3 steps to qualifying as a foreign language teacher

Perhaps you’ve been bilingual since childhood, or have learnt another language as a passion. Or maybe you’re just interested in living in another country – whatever your reason, being a foreign language teacher can open many doors, unlocking opportunities to move abroad and form connections with amazing people.

There’s plenty of work available in this sector, all over the world, as children and adults alike look to expand their language skills. But how do you qualify for this role? Let’s take a look.

Become proficient in the language yourself

This step is fairly self-explanatory – you’re going to need to be confident in your chosen language before you can teach it to others. Even if you’re only going to be teaching junior level classes, you still need to be prepared to answer questions from keen students, and the more advanced your knowledge is, the more employable you’ll be as you can cover a range of classes.

As well as being able to speak and read your chosen language, you’ll need to be confident in explaining grammatical constructs and sharing your knowledge with others. This includes the more formal version of your language, if there is one – whilst most students will start their learning with conversational language, it’s important for them to learn the correct terminology
so they can build on their knowledge in the future.

Spanish class material

Earn your teaching qualification

When you’re ready, you can tackle your teaching qualification. This might be a university degree in education, a college course, or a professional qualification – the right course of study will depend on where you’re hoping to teach, and at what level.

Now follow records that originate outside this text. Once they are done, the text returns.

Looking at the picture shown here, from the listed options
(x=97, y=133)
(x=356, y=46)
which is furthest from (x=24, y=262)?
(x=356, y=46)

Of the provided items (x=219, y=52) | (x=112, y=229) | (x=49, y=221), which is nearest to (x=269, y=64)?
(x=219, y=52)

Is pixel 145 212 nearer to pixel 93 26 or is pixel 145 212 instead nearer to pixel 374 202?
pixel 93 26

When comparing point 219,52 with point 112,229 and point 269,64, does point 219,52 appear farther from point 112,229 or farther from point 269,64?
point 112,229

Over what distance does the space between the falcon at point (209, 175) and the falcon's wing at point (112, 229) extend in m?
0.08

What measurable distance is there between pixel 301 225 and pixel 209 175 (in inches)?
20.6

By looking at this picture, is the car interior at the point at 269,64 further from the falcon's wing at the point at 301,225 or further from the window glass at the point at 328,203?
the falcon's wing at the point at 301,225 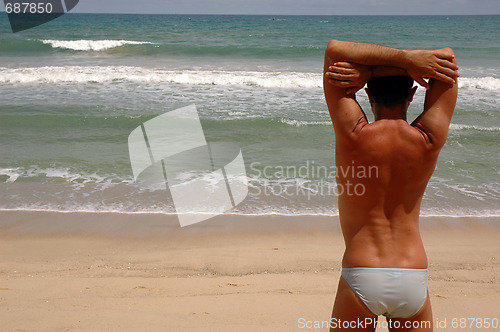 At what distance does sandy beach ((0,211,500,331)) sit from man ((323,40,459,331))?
1.77 meters

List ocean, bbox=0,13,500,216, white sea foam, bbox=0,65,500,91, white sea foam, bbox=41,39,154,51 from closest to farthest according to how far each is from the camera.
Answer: ocean, bbox=0,13,500,216, white sea foam, bbox=0,65,500,91, white sea foam, bbox=41,39,154,51

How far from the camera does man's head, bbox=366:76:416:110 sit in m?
2.09

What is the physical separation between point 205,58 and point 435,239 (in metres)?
20.2

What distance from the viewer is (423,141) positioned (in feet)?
6.74

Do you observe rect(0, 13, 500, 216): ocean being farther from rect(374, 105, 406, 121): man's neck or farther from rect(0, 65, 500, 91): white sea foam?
rect(374, 105, 406, 121): man's neck

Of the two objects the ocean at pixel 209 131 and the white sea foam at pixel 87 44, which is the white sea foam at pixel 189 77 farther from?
the white sea foam at pixel 87 44

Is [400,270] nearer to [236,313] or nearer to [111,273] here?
[236,313]

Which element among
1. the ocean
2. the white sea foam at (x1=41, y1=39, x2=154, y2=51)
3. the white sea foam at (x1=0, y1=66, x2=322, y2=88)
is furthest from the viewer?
the white sea foam at (x1=41, y1=39, x2=154, y2=51)

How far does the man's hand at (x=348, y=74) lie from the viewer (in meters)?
2.08

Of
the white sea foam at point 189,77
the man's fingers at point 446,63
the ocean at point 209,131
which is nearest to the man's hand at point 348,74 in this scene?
the man's fingers at point 446,63

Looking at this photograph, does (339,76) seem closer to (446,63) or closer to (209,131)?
(446,63)

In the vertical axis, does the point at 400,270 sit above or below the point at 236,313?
above

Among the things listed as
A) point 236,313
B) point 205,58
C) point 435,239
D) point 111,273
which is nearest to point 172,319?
point 236,313

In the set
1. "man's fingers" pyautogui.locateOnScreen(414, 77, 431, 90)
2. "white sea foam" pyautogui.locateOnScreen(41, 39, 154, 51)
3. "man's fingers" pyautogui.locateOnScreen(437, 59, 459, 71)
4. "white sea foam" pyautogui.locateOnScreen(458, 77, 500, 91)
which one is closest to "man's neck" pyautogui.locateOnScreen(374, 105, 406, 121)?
"man's fingers" pyautogui.locateOnScreen(414, 77, 431, 90)
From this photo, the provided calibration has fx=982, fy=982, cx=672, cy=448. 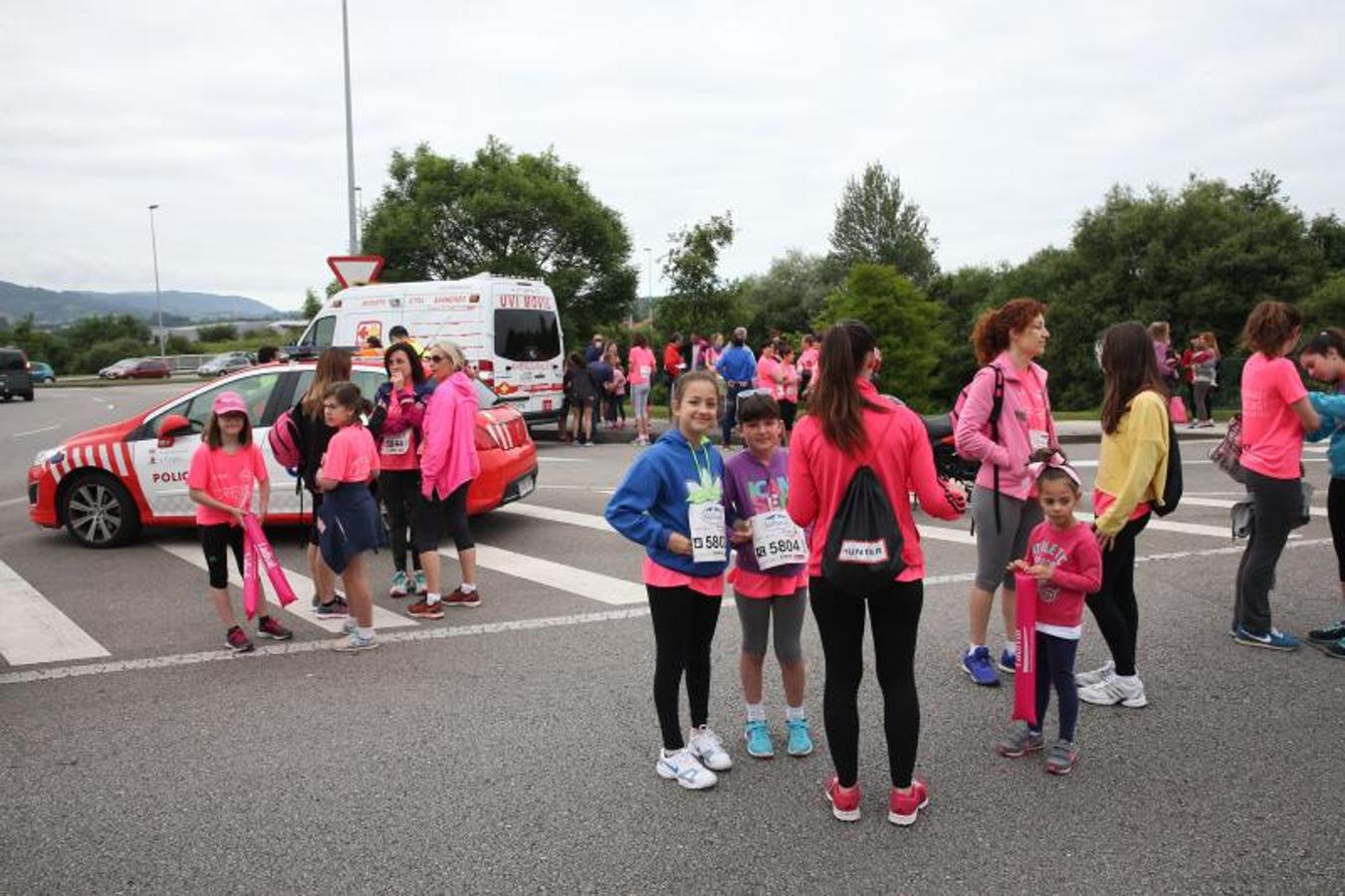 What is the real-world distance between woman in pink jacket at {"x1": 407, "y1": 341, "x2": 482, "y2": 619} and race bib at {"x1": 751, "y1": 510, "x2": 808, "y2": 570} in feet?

Some foreign language schools will have a minimum qualification requirement for their teachers, so if you have a specific place in mind, make sure you check their preferences before you make any commitments to avoid having to do further study later on. However, having a widely applicable qualification like a degree will mean that you have more choices in the future, so it can be worth the extra effort.

AP Spanish teacher in class

Work on your classroom skills

Having the language skills to teach others isn’t quite enough – you’ll need to be able to hold your own in a classroom too. Especially if you’re going to be teaching children or teenagers, you’ll need to know how to capture their attention, and break the work down into manageable chunks so they don’t get bored and misbehave. When it comes to adults, you want to create an atmosphere of mutual respect, and encourage them to open up with any
questions they might have.

For all ages, you’ll need to be able to plan a course of study and set in-lesson tasks as well as homework assignments. Whilst your head of department will likely have some input on these, many foreign language teachers get more freedom than those following the national curriculum in schools, so it’s best to be confident in managing your own study programme.

Finally, make sure to work on your soft skills, such as giving feedback. All teachers will need to give constructive feedback to help their students learn, but it can be tricky to know how to give this in an effective and encouraging way. Taking some time to work on these skills will put you in a better position to get a role, and be a good teacher throughout your career.

So, if you’re interested in being a foreign language teacher, make sure you follow the steps above to get started in this amazing career.